While they did not find anything that they felt was an “immediate health concern,” you have to wonder what the long term effects of ingesting these things might be.

You might think this is all a bunch of chicken feed, but really, how did these things get in there? Clearly, it was no accident. It turns out that arsenic has routinely been fed to livestock to reduce infections. It also tends to make the flesh a more appealing color and enhance growth. What with the use of arsenic as well as thousands of tons of antibiotics, enough to put all of us at risk from the development of resistant strains, it pretty clear that infections are a major problem on these overcrowded meat factories, which are now being regulated to avoid this problem in Europe.

As to the studies’ methodology, since farmers are not required to disclose what they feed their animals, and they have become so protective of their secrecy that they have successfully lobbied for a law that makes it illegal to photograph a factory farm operation in some states (not that they have anything to hide, mind you), the researchers had to resort to indirect tactics. They analyzed feathers which, like fingernails, accumulate chemicals found in the body. Specifically, they purchased and analyzed feather meal, a poultry byproduct that can be used as fertilizer or as livestock feed. That’s right, they feed the feathers back to the chickens. How else do you expect to get chicken for $2.99 a pound? It would cost a lot more if they gave them real food.

Tom Super, vice president of the National Chicken Council, tried to minimize the findings. “As the study’s authors point out, this study looked only at feathers, not meat. If consumers were to take away one message from the findings, it should be from the researchers themselves: ‘We haven’t found anything that is an immediate health concern.’”

Super went on to say that, “Chickens in the United States produced for meat are NOT given ‘arsenic’ as an additive in chicken feed, or any of the other compounds mentioned in these studies.”

However, he did point out that, “Some flocks used to be given feed that contained a product called Roxarsone, which included organic arsenic – not the inorganic form that is considered a poison.  This product, however, was removed from the market last year.”

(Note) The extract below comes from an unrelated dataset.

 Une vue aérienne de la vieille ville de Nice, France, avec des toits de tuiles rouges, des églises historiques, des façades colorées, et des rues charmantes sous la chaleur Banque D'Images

According Tom Philpott, writing in Mother Jones, sales of Roxarsone which is also a growth enhancer, were voluntarily discontinued by its manufacturer, Pfizer, “after FDA tests found traces of the poison in chicken meat.”

Roxarson had been used for decades after WWII, with industry assurances that the organic arsenic was far less toxic than the inorganic form routinely used as poison. However, more recent findings discovered that the arsenic in Roxarsone would, under certain conditions, such as in the intestines of a chicken, shift to the far more toxic form, which, according to Food and Water Watch “is associated with increased risk for several kinds of cancer, including bladder, kidney, lung, liver and prostate.” It is also associated with increased risk of cardiovascular disease, diabetes, and neurological problems in children.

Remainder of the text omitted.